What is needed is an exact copy of the line where "1 King Bed, Premier" appears plus every later line in the material.

=== DATA IN THIS EXERCISE ===

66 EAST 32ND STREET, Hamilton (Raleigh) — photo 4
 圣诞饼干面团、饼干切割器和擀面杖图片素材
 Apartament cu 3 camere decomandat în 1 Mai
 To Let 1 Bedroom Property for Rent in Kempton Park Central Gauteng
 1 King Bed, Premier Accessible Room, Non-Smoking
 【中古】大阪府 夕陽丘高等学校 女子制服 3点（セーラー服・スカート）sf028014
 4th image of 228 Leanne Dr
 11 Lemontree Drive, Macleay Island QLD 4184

===

THE ANSWER =>
 1 King Bed, Premier Accessible Room, Non-Smoking
 【中古】大阪府 夕陽丘高等学校 女子制服 3点（セーラー服・スカート）sf028014
 4th image of 228 Leanne Dr
 11 Lemontree Drive, Macleay Island QLD 4184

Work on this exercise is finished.